The task:
Write out the entries below exactly. End with the line that contains "La tripulación se".

Data shown section start

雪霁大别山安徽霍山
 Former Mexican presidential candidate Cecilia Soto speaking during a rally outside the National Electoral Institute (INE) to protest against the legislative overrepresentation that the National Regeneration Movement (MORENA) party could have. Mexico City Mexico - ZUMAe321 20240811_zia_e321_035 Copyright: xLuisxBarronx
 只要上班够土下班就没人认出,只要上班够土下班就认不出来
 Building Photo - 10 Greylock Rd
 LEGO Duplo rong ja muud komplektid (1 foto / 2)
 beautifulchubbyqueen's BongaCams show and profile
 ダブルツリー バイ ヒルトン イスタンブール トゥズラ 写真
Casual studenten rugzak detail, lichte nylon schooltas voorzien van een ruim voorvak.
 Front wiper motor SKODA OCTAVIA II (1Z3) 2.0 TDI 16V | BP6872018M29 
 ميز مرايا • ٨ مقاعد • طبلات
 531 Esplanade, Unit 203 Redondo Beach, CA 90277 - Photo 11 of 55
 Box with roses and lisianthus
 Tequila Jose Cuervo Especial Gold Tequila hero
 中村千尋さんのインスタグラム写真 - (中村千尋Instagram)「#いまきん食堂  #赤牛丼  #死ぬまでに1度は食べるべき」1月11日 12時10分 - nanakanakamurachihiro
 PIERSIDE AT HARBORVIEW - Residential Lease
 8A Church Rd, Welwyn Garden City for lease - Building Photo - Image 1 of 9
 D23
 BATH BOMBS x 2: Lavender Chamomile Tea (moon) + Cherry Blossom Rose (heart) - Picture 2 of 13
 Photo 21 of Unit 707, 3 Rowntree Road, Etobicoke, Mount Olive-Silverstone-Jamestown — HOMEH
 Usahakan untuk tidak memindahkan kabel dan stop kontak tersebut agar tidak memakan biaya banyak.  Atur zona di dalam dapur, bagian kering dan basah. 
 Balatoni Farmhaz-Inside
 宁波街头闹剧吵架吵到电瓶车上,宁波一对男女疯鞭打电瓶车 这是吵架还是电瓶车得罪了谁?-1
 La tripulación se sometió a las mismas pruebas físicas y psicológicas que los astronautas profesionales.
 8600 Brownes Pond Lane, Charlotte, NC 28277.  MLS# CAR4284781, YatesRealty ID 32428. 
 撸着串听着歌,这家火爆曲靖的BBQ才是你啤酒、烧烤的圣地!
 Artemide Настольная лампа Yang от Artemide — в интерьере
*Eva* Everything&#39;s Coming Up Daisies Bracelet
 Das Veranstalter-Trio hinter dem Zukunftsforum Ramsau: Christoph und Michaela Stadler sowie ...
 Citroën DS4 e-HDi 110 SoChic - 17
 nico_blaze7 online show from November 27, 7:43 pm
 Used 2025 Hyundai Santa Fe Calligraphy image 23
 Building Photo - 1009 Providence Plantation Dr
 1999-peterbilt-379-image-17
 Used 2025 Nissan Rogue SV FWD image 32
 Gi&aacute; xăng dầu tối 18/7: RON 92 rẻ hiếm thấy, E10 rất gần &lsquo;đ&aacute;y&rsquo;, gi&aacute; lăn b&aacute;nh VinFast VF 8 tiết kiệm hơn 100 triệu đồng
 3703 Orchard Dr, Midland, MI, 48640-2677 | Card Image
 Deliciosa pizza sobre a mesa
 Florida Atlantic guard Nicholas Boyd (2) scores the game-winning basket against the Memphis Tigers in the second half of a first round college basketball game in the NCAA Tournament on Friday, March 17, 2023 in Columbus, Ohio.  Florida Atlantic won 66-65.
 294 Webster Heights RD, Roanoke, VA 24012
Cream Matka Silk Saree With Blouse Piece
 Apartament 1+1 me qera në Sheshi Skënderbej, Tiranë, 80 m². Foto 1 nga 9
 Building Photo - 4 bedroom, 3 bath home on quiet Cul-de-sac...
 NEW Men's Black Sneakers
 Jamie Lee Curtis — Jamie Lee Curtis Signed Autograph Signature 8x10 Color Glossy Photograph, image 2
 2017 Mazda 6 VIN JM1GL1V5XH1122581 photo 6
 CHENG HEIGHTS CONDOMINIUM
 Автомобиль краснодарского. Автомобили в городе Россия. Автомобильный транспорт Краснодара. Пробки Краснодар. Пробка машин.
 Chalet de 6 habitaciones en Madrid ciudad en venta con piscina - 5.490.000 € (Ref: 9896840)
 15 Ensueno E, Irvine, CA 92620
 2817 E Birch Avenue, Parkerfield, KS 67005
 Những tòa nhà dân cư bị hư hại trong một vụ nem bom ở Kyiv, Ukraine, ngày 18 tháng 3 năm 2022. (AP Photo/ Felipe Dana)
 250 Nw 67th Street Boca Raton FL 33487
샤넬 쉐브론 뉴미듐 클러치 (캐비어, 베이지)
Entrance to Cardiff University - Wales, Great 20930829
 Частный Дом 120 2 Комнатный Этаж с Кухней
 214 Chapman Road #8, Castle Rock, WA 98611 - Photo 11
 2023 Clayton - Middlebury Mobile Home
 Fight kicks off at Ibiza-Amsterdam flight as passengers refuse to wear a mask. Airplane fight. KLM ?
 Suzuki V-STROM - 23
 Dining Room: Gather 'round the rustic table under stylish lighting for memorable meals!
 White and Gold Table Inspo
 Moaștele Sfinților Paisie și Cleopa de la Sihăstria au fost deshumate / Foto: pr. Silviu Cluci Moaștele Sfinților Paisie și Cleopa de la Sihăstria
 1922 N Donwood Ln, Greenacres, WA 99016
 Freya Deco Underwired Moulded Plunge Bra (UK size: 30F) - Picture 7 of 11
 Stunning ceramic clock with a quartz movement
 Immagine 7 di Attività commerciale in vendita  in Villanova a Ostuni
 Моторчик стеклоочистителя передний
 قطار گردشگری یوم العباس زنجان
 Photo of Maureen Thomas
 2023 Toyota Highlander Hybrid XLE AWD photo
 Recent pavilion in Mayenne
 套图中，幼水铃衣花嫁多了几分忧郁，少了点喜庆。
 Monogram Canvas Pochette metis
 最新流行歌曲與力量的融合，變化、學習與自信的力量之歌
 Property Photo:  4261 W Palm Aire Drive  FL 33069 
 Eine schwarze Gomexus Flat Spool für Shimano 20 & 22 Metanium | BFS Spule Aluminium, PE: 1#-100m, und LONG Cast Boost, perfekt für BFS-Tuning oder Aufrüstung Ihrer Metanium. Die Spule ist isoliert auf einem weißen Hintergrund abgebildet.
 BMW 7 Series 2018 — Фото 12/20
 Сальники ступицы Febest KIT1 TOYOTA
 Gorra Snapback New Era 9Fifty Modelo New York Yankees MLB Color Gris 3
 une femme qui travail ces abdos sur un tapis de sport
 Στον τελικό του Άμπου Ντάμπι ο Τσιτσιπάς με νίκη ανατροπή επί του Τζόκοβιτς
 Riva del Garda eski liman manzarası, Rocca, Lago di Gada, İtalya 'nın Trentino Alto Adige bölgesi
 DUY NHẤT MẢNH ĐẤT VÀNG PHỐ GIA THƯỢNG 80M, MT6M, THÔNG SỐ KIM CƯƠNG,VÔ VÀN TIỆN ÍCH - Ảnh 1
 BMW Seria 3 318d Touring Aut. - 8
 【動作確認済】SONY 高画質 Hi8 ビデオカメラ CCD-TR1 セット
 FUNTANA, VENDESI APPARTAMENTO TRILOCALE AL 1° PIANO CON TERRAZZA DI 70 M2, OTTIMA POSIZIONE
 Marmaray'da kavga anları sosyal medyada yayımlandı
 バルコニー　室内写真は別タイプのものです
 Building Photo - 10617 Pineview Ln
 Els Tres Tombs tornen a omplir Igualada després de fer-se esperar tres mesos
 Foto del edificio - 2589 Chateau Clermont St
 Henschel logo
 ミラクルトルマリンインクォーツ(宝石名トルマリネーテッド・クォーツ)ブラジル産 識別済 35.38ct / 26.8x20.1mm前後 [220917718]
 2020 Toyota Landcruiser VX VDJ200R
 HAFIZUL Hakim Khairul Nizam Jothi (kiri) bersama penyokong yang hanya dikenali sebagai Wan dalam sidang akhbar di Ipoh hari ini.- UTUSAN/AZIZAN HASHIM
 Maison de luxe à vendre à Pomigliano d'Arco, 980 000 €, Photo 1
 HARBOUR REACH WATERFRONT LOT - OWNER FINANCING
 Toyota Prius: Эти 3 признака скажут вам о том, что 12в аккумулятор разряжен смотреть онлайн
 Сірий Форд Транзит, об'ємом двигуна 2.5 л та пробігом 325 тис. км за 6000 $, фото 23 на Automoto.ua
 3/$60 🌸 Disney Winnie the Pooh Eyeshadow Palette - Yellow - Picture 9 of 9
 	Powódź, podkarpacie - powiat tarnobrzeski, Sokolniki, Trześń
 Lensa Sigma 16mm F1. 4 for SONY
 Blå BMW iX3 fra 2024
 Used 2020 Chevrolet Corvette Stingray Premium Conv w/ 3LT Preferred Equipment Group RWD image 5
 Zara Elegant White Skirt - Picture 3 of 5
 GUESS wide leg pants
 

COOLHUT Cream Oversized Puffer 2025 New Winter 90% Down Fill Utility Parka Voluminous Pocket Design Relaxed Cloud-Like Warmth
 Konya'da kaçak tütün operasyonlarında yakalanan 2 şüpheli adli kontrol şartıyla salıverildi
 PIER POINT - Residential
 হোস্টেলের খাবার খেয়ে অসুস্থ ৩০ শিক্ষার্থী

Data shown section end

Written answer:
雪霁大别山安徽霍山
 Former Mexican presidential candidate Cecilia Soto speaking during a rally outside the National Electoral Institute (INE) to protest against the legislative overrepresentation that the National Regeneration Movement (MORENA) party could have. Mexico City Mexico - ZUMAe321 20240811_zia_e321_035 Copyright: xLuisxBarronx
 只要上班够土下班就没人认出,只要上班够土下班就认不出来
 Building Photo - 10 Greylock Rd
 LEGO Duplo rong ja muud komplektid (1 foto / 2)
 beautifulchubbyqueen's BongaCams show and profile
 ダブルツリー バイ ヒルトン イスタンブール トゥズラ 写真
Casual studenten rugzak detail, lichte nylon schooltas voorzien van een ruim voorvak.
 Front wiper motor SKODA OCTAVIA II (1Z3) 2.0 TDI 16V | BP6872018M29 
 ميز مرايا • ٨ مقاعد • طبلات
 531 Esplanade, Unit 203 Redondo Beach, CA 90277 - Photo 11 of 55
 Box with roses and lisianthus
 Tequila Jose Cuervo Especial Gold Tequila hero
 中村千尋さんのインスタグラム写真 - (中村千尋Instagram)「#いまきん食堂  #赤牛丼  #死ぬまでに1度は食べるべき」1月11日 12時10分 - nanakanakamurachihiro
 PIERSIDE AT HARBORVIEW - Residential Lease
 8A Church Rd, Welwyn Garden City for lease - Building Photo - Image 1 of 9
 D23
 BATH BOMBS x 2: Lavender Chamomile Tea (moon) + Cherry Blossom Rose (heart) - Picture 2 of 13
 Photo 21 of Unit 707, 3 Rowntree Road, Etobicoke, Mount Olive-Silverstone-Jamestown — HOMEH
 Usahakan untuk tidak memindahkan kabel dan stop kontak tersebut agar tidak memakan biaya banyak.  Atur zona di dalam dapur, bagian kering dan basah. 
 Balatoni Farmhaz-Inside
 宁波街头闹剧吵架吵到电瓶车上,宁波一对男女疯鞭打电瓶车 这是吵架还是电瓶车得罪了谁?-1
 La tripulación se sometió a las mismas pruebas físicas y psicológicas que los astronautas profesionales.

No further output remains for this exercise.